● **What you will do**: Output the data in full. Keep every word exact and exclude the pictures.

** Opening Data excerpt block **

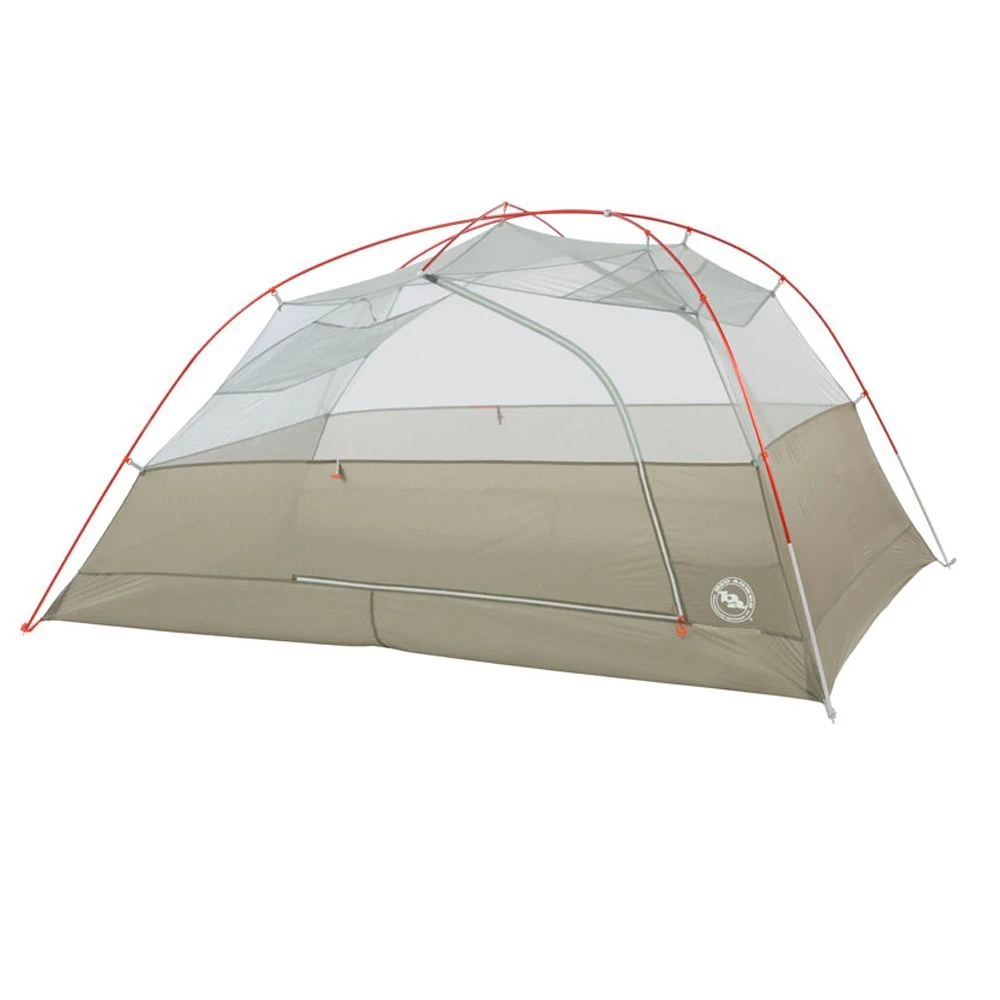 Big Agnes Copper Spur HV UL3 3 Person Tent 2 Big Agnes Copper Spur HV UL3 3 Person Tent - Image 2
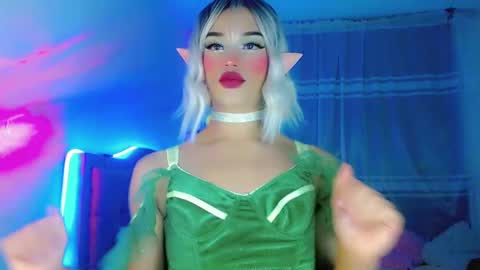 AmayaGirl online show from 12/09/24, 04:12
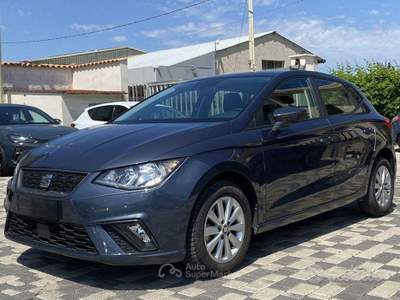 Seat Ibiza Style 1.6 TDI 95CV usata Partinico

** Closing Data excerpt block **

● **Output for this task**:
 Big Agnes Copper Spur HV UL3 3 Person Tent 2 Big Agnes Copper Spur HV UL3 3 Person Tent - Image 2
 AmayaGirl online show from 12/09/24, 04:12
 Seat Ibiza Style 1.6 TDI 95CV usata Partinico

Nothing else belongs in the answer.